» **How to complete this task**
If an entry includes an image, drop the image and copy the rest verbatim.

+ + + + + + +

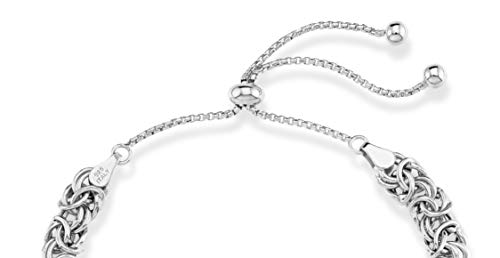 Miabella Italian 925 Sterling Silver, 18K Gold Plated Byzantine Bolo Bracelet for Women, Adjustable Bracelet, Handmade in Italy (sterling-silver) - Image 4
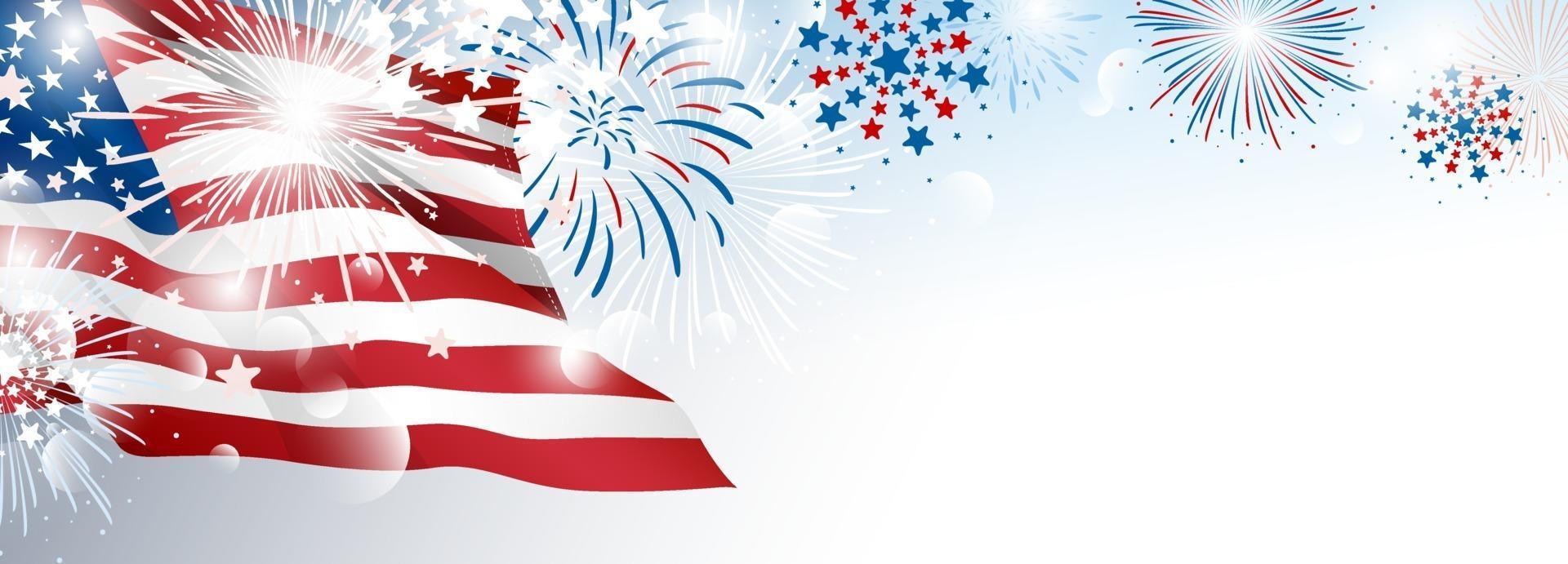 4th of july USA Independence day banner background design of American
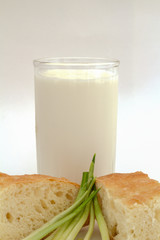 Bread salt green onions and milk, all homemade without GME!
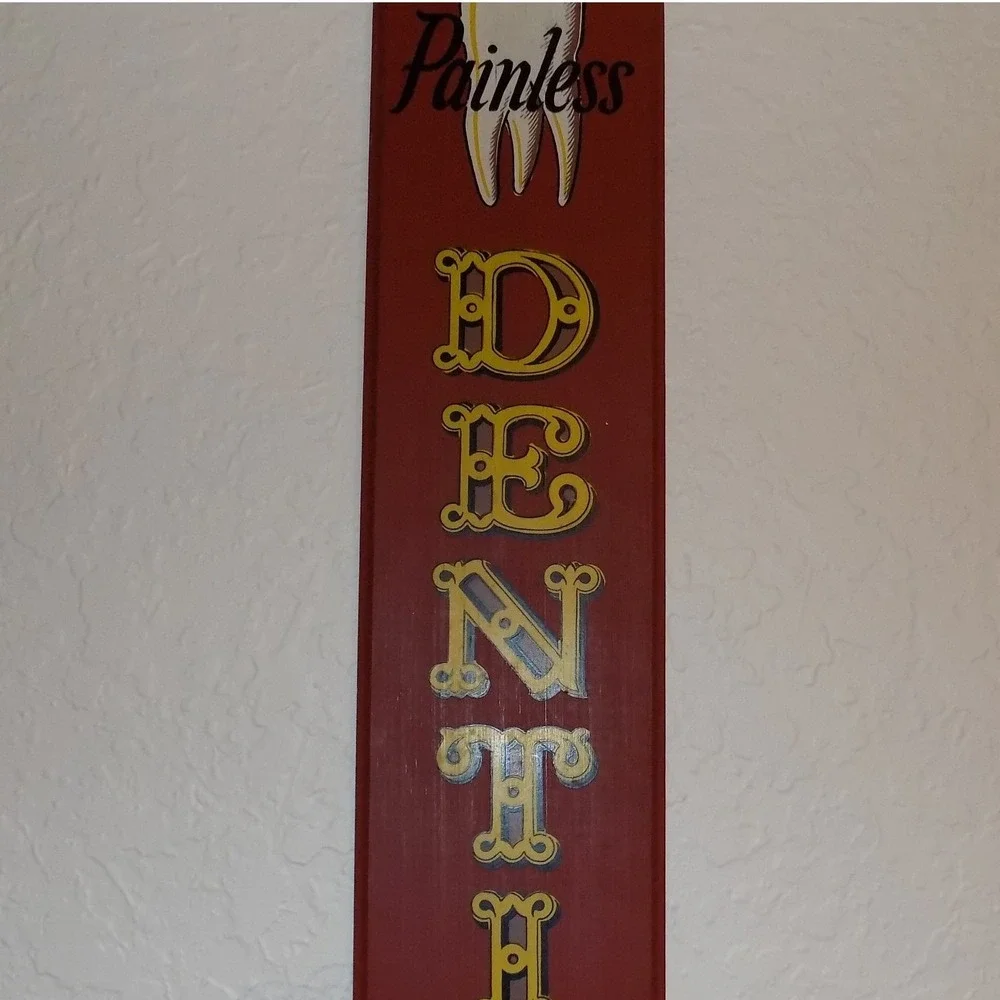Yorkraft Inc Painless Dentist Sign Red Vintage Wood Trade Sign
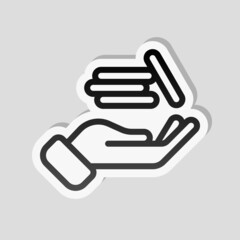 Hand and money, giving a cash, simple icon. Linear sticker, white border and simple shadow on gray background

+ + + + + + +

» **Solution to this task**
 Miabella Italian 925 Sterling Silver, 18K Gold Plated Byzantine Bolo Bracelet for Women, Adjustable Bracelet, Handmade in Italy (sterling-silver) - Image 4
 4th of july USA Independence day banner background design of American
 Bread salt green onions and milk, all homemade without GME!
Yorkraft Inc Painless Dentist Sign Red Vintage Wood Trade Sign
 Hand and money, giving a cash, simple icon. Linear sticker, white border and simple shadow on gray background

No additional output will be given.